> What needs to be done:
Restate the entries below exactly, and keep all images out of the answer.

+ + +

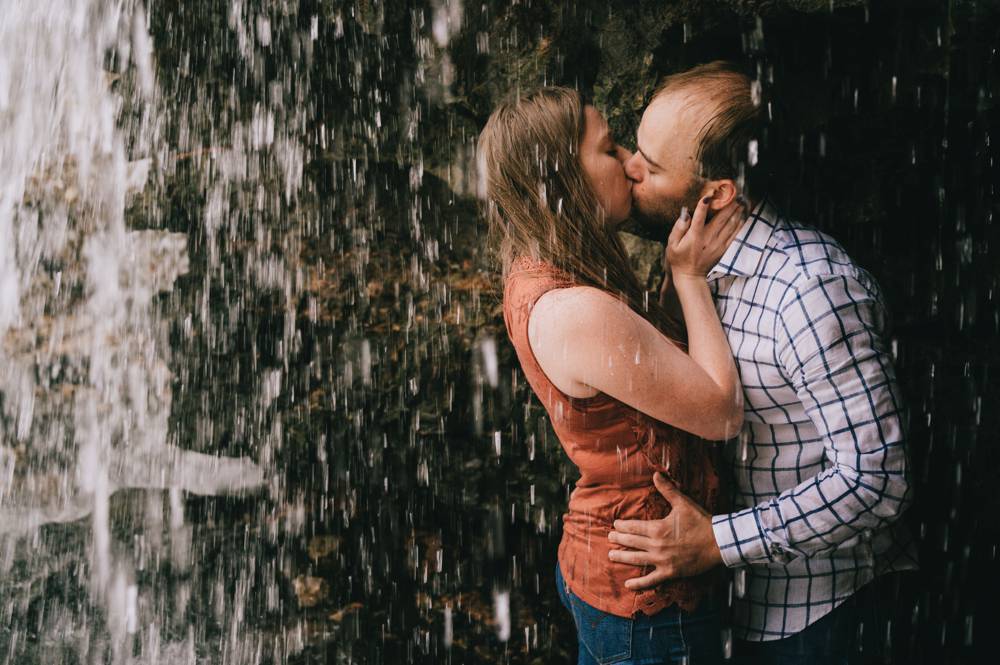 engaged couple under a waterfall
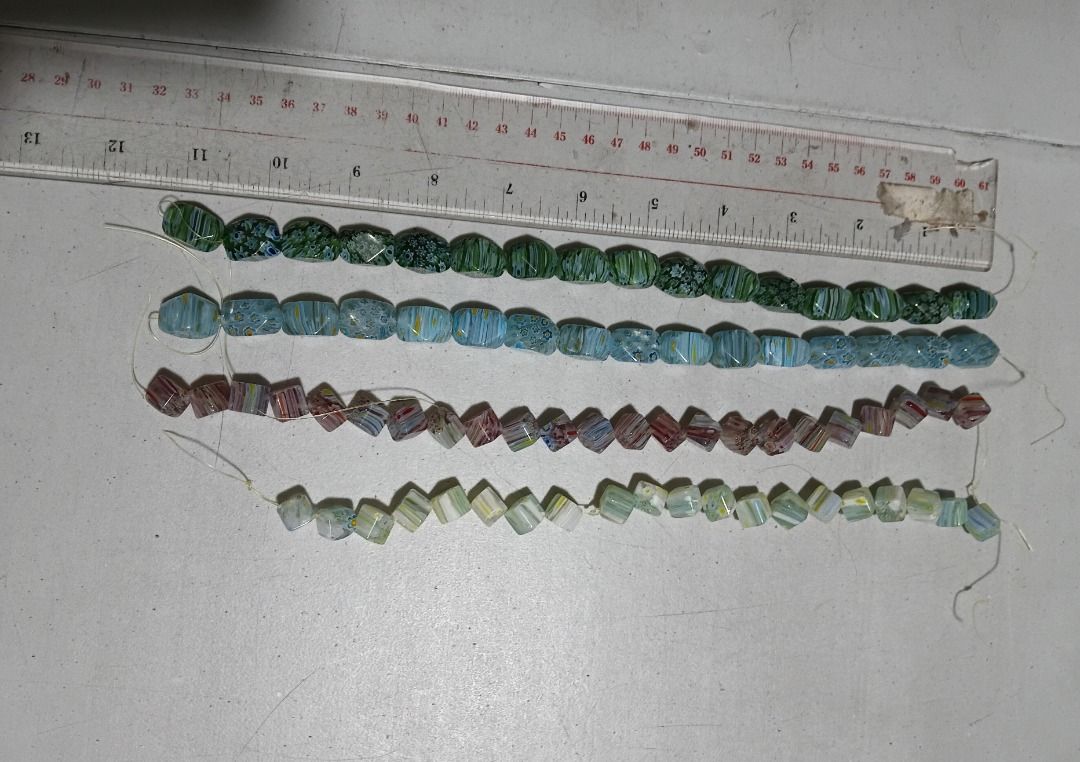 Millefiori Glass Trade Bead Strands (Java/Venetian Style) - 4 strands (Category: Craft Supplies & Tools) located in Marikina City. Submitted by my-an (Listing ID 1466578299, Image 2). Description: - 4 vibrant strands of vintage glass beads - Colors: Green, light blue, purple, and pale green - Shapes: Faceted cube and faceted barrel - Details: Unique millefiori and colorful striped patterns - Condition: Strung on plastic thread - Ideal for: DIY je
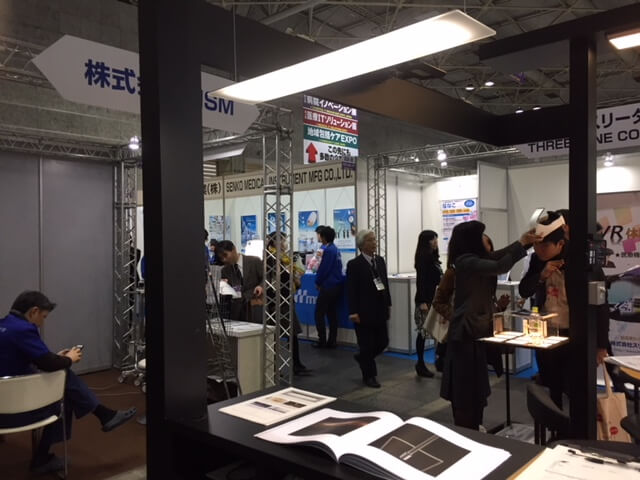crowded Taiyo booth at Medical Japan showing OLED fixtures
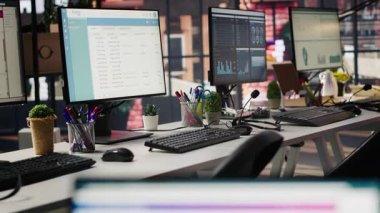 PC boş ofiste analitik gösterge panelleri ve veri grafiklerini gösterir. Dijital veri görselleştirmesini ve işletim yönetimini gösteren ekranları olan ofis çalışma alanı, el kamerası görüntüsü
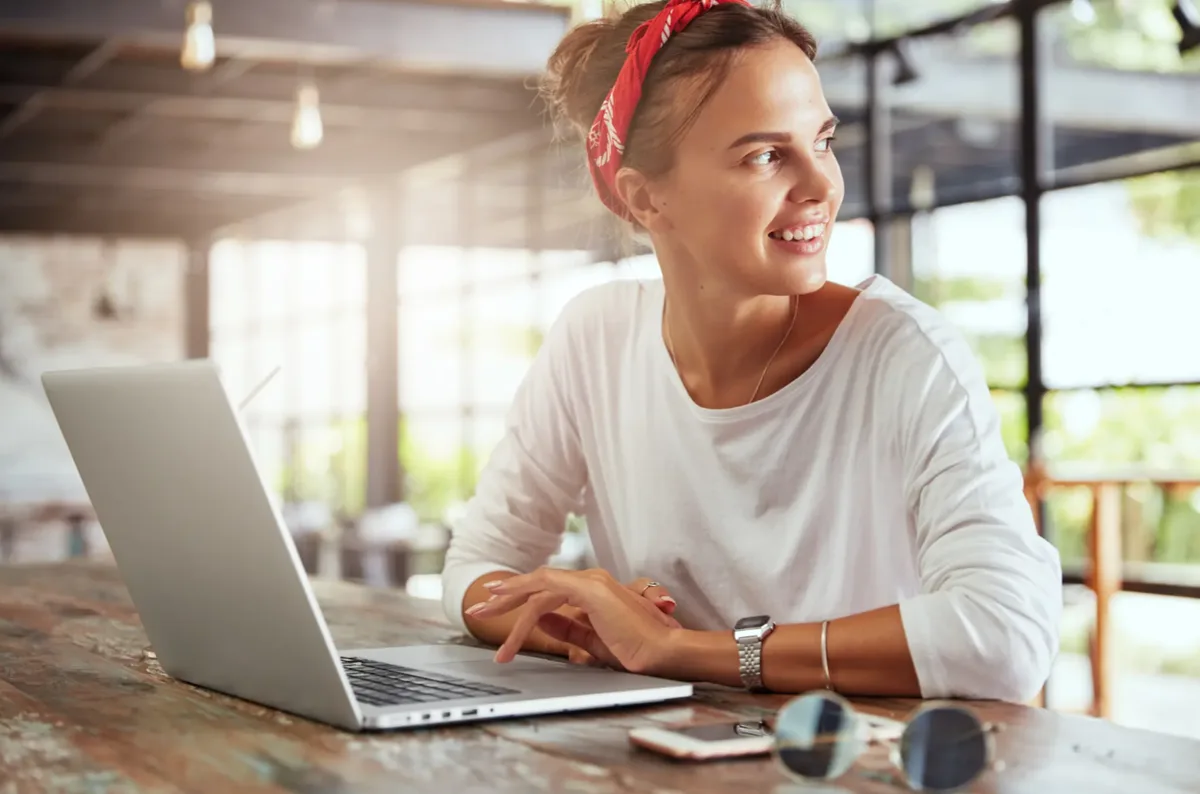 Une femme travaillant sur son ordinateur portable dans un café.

+ + +

> Answer space:
 engaged couple under a waterfall
 Millefiori Glass Trade Bead Strands (Java/Venetian Style) - 4 strands (Category: Craft Supplies & Tools) located in Marikina City. Submitted by my-an (Listing ID 1466578299, Image 2). Description: - 4 vibrant strands of vintage glass beads - Colors: Green, light blue, purple, and pale green - Shapes: Faceted cube and faceted barrel - Details: Unique millefiori and colorful striped patterns - Condition: Strung on plastic thread - Ideal for: DIY je
crowded Taiyo booth at Medical Japan showing OLED fixtures
 PC boş ofiste analitik gösterge panelleri ve veri grafiklerini gösterir. Dijital veri görselleştirmesini ve işletim yönetimini gösteren ekranları olan ofis çalışma alanı, el kamerası görüntüsü
 Une femme travaillant sur son ordinateur portable dans un café.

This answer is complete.